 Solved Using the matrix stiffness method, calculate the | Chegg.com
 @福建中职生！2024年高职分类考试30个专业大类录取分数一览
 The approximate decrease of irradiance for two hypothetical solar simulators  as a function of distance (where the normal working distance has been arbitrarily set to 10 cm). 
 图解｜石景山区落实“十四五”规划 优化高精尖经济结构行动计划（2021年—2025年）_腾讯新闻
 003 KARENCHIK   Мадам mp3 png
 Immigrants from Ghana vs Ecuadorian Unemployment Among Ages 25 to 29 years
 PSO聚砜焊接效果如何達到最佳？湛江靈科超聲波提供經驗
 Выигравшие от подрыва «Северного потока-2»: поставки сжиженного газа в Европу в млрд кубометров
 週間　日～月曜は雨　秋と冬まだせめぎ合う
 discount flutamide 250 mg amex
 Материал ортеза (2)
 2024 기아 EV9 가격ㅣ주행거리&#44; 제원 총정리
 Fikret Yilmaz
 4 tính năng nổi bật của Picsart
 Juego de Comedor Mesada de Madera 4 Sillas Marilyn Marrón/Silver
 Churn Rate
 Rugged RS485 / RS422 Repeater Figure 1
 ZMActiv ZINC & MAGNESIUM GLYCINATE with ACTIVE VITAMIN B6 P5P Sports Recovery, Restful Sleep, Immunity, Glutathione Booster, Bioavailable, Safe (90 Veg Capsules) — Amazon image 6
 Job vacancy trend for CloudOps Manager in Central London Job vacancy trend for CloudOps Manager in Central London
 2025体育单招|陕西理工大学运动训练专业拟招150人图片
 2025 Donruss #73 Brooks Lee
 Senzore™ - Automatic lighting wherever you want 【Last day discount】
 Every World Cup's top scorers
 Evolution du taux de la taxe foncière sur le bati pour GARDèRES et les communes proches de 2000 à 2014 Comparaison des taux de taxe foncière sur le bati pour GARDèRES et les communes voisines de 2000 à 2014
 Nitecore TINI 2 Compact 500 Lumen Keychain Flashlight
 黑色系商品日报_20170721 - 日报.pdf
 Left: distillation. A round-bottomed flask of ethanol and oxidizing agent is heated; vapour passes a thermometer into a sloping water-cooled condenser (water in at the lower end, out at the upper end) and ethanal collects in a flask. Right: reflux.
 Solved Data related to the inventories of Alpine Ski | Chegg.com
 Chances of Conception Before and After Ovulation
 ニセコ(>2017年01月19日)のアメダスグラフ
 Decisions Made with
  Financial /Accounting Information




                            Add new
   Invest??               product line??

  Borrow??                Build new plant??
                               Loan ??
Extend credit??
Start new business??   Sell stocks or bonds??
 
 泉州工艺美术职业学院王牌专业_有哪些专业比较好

▶ [Task]: Write out each line of the data that holds the string "Chegg".

▶ [Exercise answer]:
 Solved Using the matrix stiffness method, calculate the | Chegg.com
 Solved Data related to the inventories of Alpine Ski | Chegg.com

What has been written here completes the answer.